Lo que es ya muy evidente con el claro endurecimiento
chino frente a los insistentes y justificados reclamos de los habitantes de
Hong Kong, en defensa de sus cada vez más amenazadas libertades individuales.
Y con los destemplados reclamos que China hace ahora en
Europa, incluyendo a la propia Alemania, ante lo que supone es una inexplicable
hostilidad que supuestamente prevalecería en el Viejo Continente. En palabras
del propio Xi: ``¿Si no exportamos revoluciones, ni pobreza, ni hambre, y no
generamos problema alguno, cual es, entonces, la razón de sus quejas?''.

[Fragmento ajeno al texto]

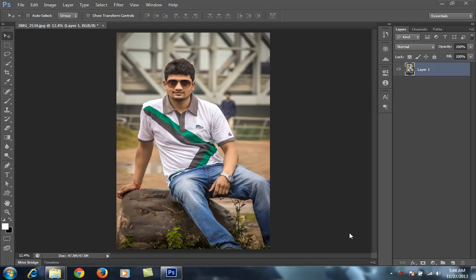Hello friends, this is Ron and welcome to my channel of Photoshop, photography and Lightroom. I'm in Photoshop CS6 and today I will teach you about how to use Nick Software. This is a Nick Software beginner tutorial for those who are new to Nick Software.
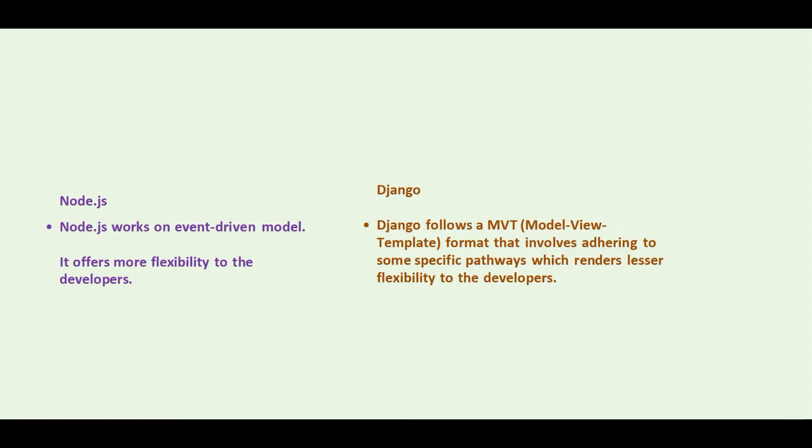Node.js works on an event-driven model, which offers more flexibility to the developers. Django follows the MVT, or model-view-template, format that involves adhering to some specific pathways, which surrenders lesser flexibility to the developers.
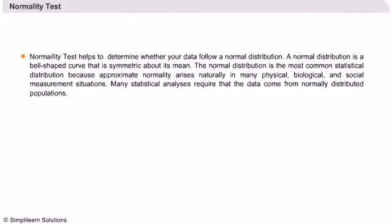Normality test helps to determine whether your data follow a normal distribution. A normal distribution is a bell-shaped curve that is symmetric about its mean. The normal distribution is the most common statistical distribution.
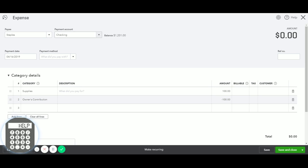So it's not going to take any money out of your bank balance, but it is recognizing that you spent $100 in supplies and it was $100 in contribution from you for your business.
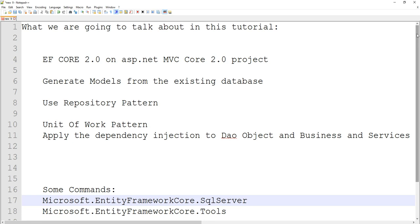Welcome back guys to my YouTube channel. In this series of tutorials, what I've decided to cover is basically how to do scaffolding in ASP.NET. I'm trying to integrate Entity Framework Core 2.0 in my ASP.NET MVC 2.0 project.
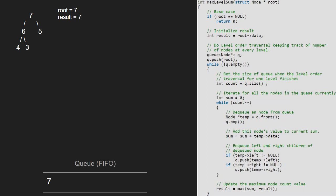As the queue is not empty, we enter the while loop and take a count variable which will be 1. Next, we take a sum variable and initialize it to 0. Then we enter the inner while loop and decrement count. In the inner while loop, we take a node temp which will point to the front of the queue and pop it. So temp will point to 7 and 7 will be popped. Next, we add node's value to sum, so sum will be 7. Then we enqueue the left and right children of the dequeued node, so 6 and 5 will be enqueued.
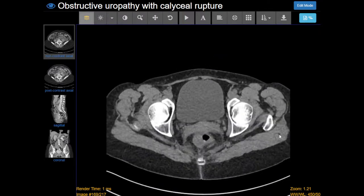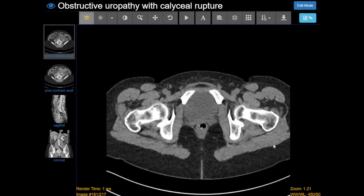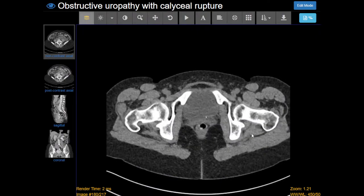Keep going down. Difficult to see, but if you know the anatomy, you know that the ureters insert on the posterior inferior portion of the bladder, so I'm a little worried about this calcification right here. It's only one or two millimeters, but it's right at where I would expect that ureter to insert into the bladder.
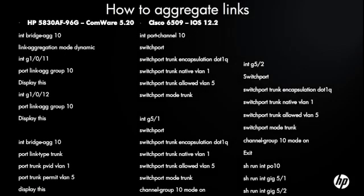Now we're going to go into aggregating links together. On the left hand side, you see the HP configuration. We create a bridge ag 10, and then we go into the ports 1/0/11 and 1/0/12, tell them that they belong to bridge ag 10, then go back to bridge ag 10. And that's where we will actually set that it's a trunk that VLAN 1 and VLAN 5 are permitted over that trunk.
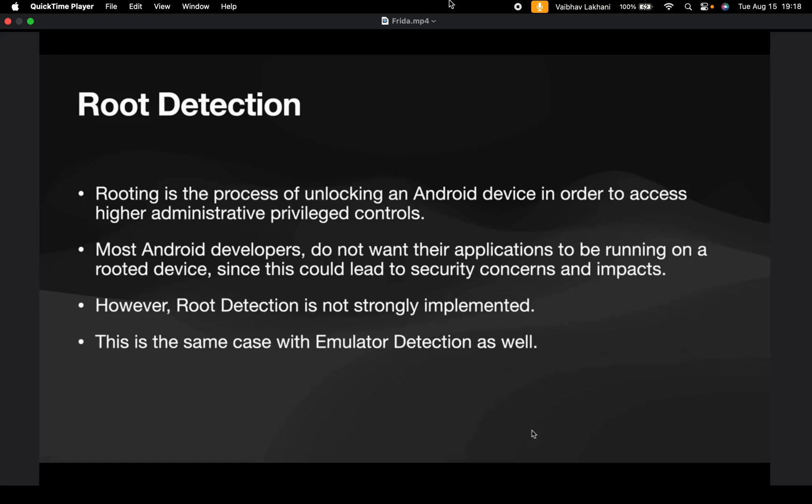Hello all, welcome back. For performing dynamic analysis we require FRIDA and FRIDA requires a rooted device.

Para peor, Estados Unidos ha cambiado abruptamente de
posición con la llegada de Donald Trump a la presidencia y hoy define
abiertamente a China como ``el principal enemigo estratégico'' en materia de
seguridad. Y quiere dejar bien en claro la existencia de una clara división de
aguas en materia de poder, con dos visiones disímiles.

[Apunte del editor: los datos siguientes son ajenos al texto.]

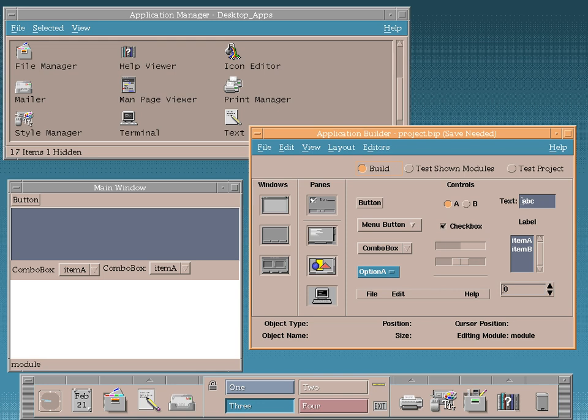The Common Desktop Environment is a desktop environment for Unix and OpenVMS, based on the Motif Widget Toolkit. It was part of the Unix 98 workstation product standard, and was for a long time the classic Unix desktop associated with commercial Unix workstations.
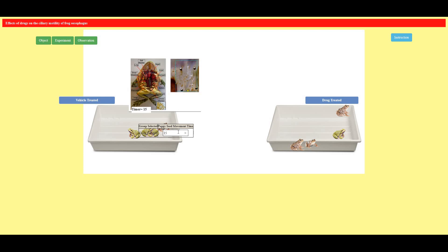So I have got an observation table where on administering the vehicle the time taken by the poppy seed to reach the caudal end and the time taken by the drug administered to reach the poppy seed to the caudal end.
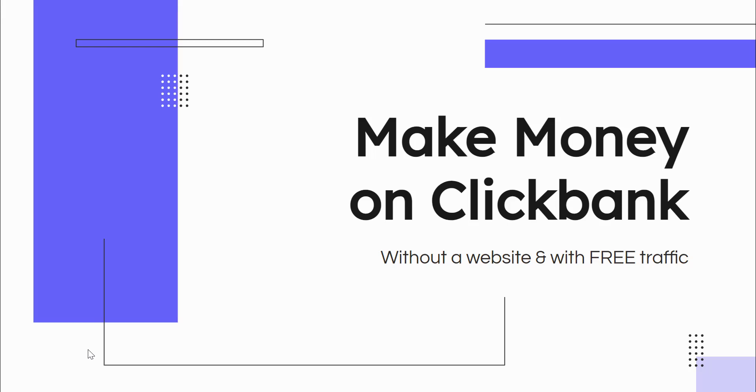Hey everybody, in today's video I'm going to show you how you can make money online with ClickBank using traffic that's completely free by understanding how free traffic works online this year.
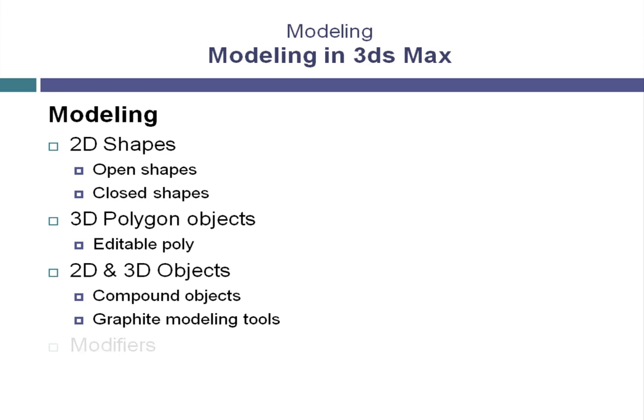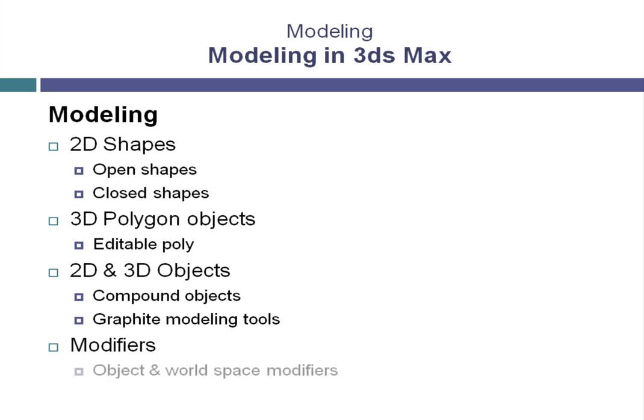We'll look at an important concept in 3ds Max called modifiers. They are discrete operations that get applied to objects to make modifications. They can be edited and reorganized to affect the creation of 3D objects. There are object space modifiers and world space modifiers that we will look at in this chapter.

Lo antedicho acaba de ser confirmado por una encuesta del
Pew Research Center que muestra que nada menos que el 60% de los norteamericanos
no confían en las actuales autoridades chinas. Ocurre que las tensiones son muy
visibles y que la rivalidad ha crecido significativamente en los dos últimos
años. La notoria brecha ideológica es cada vez más profunda, pese a que es
evidente que hay asimismo algún grado de convergencia económica y,
particularmente, en materia comercial.
La pandemia no sólo no ha dado lugar a más cooperación e
intimidad entre las superpotencias, sino que ha puesto en evidencia una
preocupante y creciente rivalidad. Una brecha, entonces. Cada una de ellas
cree, genéricamente, que su propio modelo político y económico, es el
desiderátum para todos los demás.
Quizás sea la integración económica de muchos sectores
industriales y la que también existe en materia de servicios, la que, como una
suerte de extendida red de matrimonios de conveniencia, funcione a la manera de
prudente freno, para tratar de calmar las aguas, dado que, en el plano de las
ideologías y de la política las ostensibles diferencias amenazan con desmadrarse,
alimentadas algunas veces por las presiones que llegan desde el plano de la
geopolítica. Una renovada tensión afecta hoy a la delicada relación bilateral.
Las inversiones chinas en Estados Unidos están en los
niveles más bajos desde 2009. Lo mismo, en espejo, está ocurriendo con las
inversiones norteamericanas en China. Una ola de frío parece haberse apoderado
de la relación bilateral. Y ambos países, en el Mar del Sur de China, han
aumentado su presencia militar, a la manera de silencioso desafío recíproco. La
situación tiene un aire de peligrosidad.